Could you reproduce the lines below from the one with "Nuova Peugeot 308" through the one with "Amphitheater walls Mendel"? Keep both ends and add nothing.

---------- Working data

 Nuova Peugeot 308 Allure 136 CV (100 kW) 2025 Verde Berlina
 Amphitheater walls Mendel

--------------------
---------- Working data

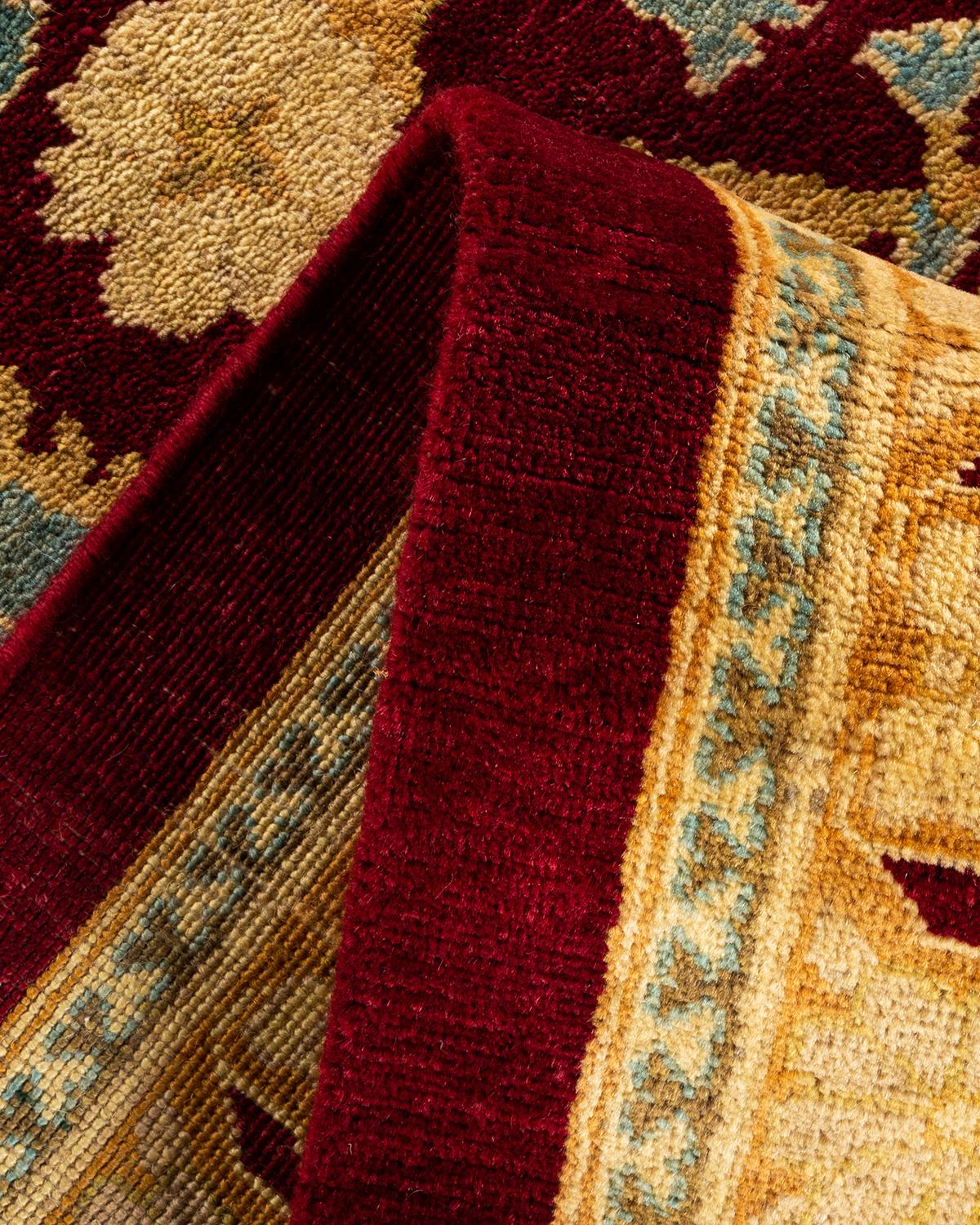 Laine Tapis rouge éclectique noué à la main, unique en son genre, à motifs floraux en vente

--------------------
---------- Working data

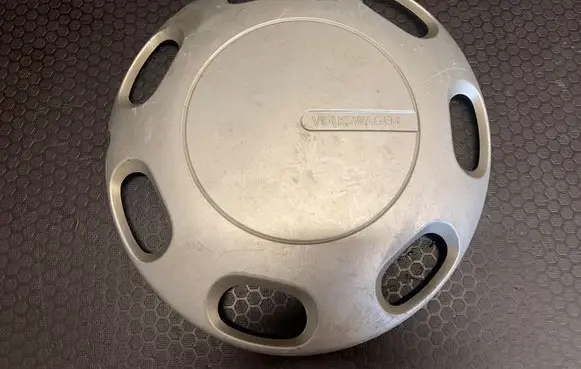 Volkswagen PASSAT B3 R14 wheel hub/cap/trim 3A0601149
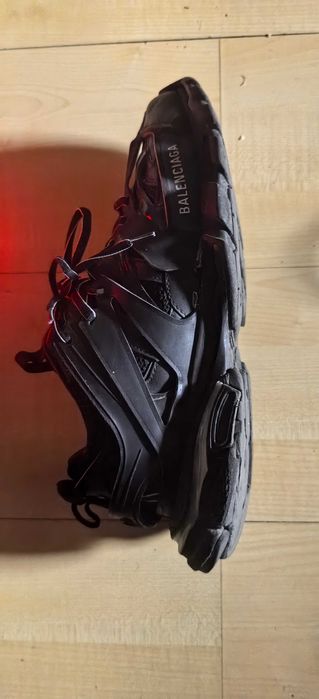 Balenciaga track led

--------------------

- Answer to this task -
 Nuova Peugeot 308 Allure 136 CV (100 kW) 2025 Verde Berlina
 Amphitheater walls Mendel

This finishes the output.